To preface, Nolan and I have been going to the church where he grew up, because that is where we are doing our premarital counseling, but it’s a pretty good size church so there are a LOT of people that I have never met before. Anyway, while we were getting coffee in the coffee-corner, this morning before the service, this guy came up to me and said,
“I know I haven’t really met you before but I have been wanting to talk to you since I noticed you were coming here now. I just want you to know that when you came to our church a couple years ago (with the CTI team) I was a new Christian, and what you said that day was exactly what I needed to hear.
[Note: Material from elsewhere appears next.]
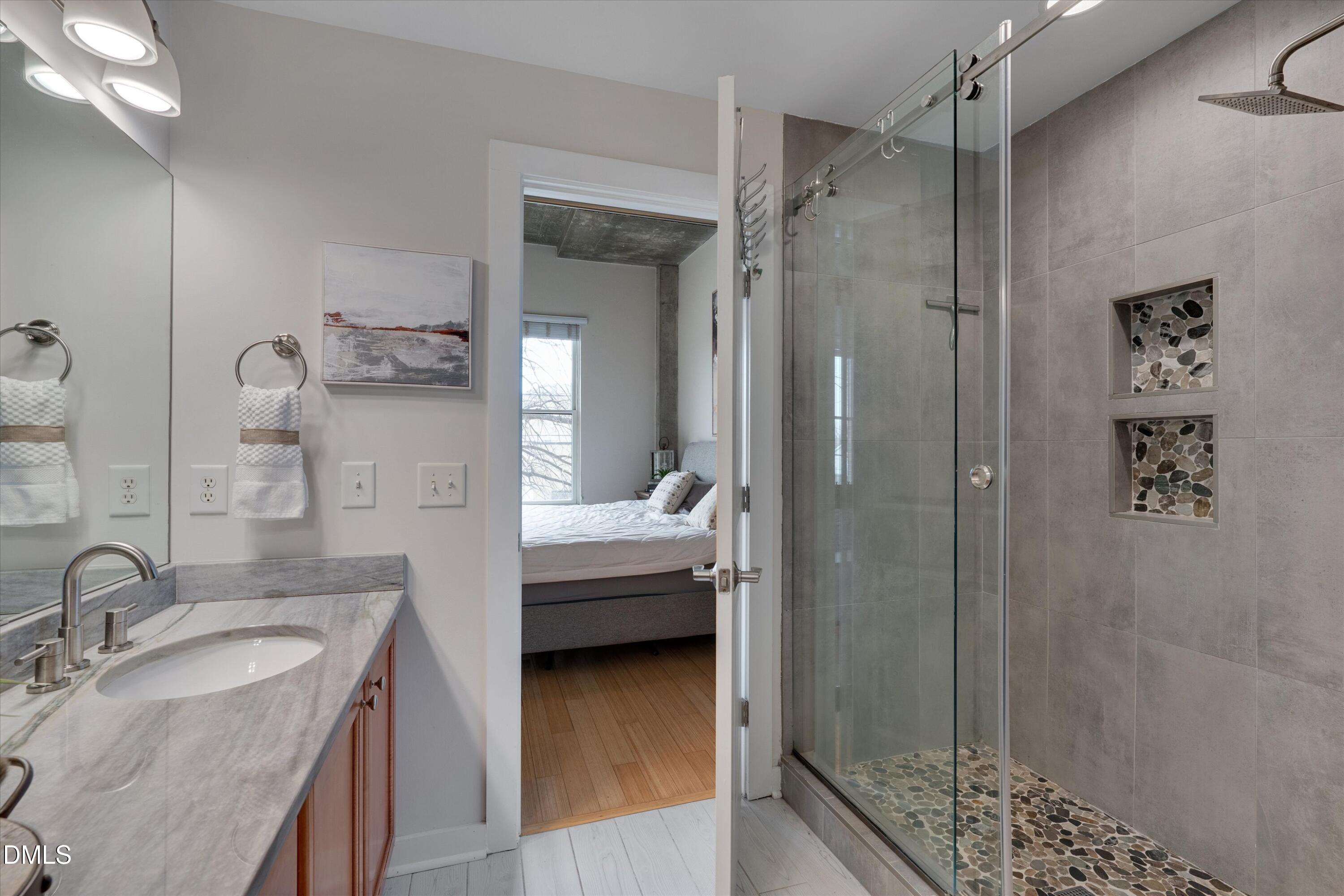 444 South Blount Street, Unit 120 Raleigh, NC 27601 - Photo 10 of 29 a en suite bathroom with a granite countertop sink mirror and shower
It was an important lesson for me”.
That one small comment made me get all teary-eyed because the Lord was kindly reminding me that He will use me in whatever way He deems best, and I won’t always know it’s happening. Not only that but He will never run out of uses for me. If He is the potter and I am a pot that He has created by hand, I need not be afraid He will toss me aside because I’ve lost my function. He won’t put me on the shelf to sit until my time is up, because there is always work to be done.
I bet that guy this morning didn’t know the Lord was using him to give me a pep-talk, but his few words sure were inspiring.